Explanation of symbols

  DESCRIPTION OF SYMBOLS 1 ... Exhaust gas purification catalyst, 11 ... Catalyst base material provided with 1st NOx occlusion part, 12 ... Catalyst base material provided with 2nd NOx occlusion part, 13 ... Exhaust gas pipe, 20 ... Catalyst base material, 21 ... Catalyst base A layered NOx occlusion part disposed on the surface of the material, 22 ... a layered NOx occlusion part on the outer surface.

Claims (4)

Comprising two or more kinds of NOx occlusion parts each containing oxide composites having different compositions;
The oxide composite includes at least one first metal element selected from the group consisting of alkali metals and alkaline earth metals, and at least one second metal element selected from the group consisting of rare earth metals.

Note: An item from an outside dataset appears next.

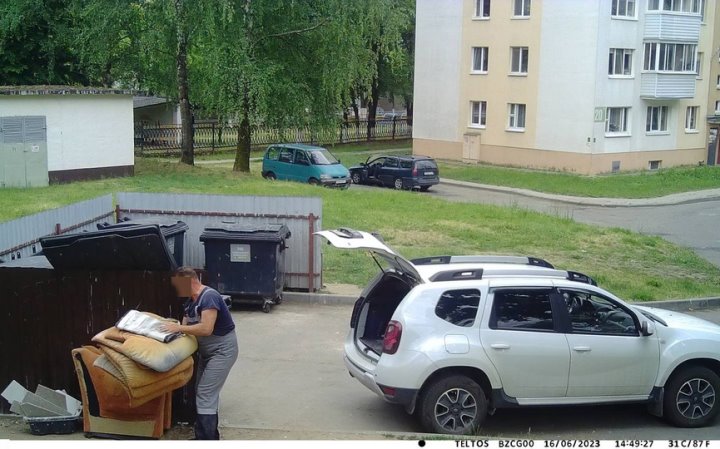 В Барановичах люди, выбрасывающие мусор где попало, угодили в фотоловушку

Contains
Of the first metal element relative to the sum of the peak area of the first metal element and the peak area of the second metal element obtained from TEM-EDX analysis at 20 or more measurement points of 10 nm square on the surface of the oxide composite. The standard deviation of the distribution of the ratio of peak areas ([peak area of the first metal element] / [sum of the peak area of the first metal element and the peak area of the second metal element]) is 10% or less, and
The two or more types of NOx occlusion parts contain the oxide complex having a small content molar ratio of the first metal element to the second metal element ([first metal] / [second metal]). It is arranged so as to come into contact with the exhaust gas in order from the NOx storage part,
An exhaust gas purifying catalyst characterized by.   The two or more types of NOx occlusion parts are arranged in order from the upstream side of the gas flow path in order from the NOx occlusion part containing the oxide composite having a small content molar ratio of the first metal element to the second metal element. The exhaust gas-purifying catalyst according to claim 1, wherein the exhaust gas-purifying catalyst is disposed toward the side. The two or more types of NOx occlusion parts have a multilayer structure formed by laminating on the surface of the catalyst base, and the two or more types of NOx occlusion parts contain the first metal element with respect to the second metal element 2. The exhaust gas purification according to claim 1, wherein the exhaust gas purification unit is arranged from the outer surface side toward the surface side of the catalyst base in order from the NOx occlusion part containing the oxide composite having a small molar ratio. Catalyst.   The maximum value of the content molar ratio of the first metal element is two times or more the minimum value of the content molar ratio of the first metal element. The catalyst for exhaust gas purification as described.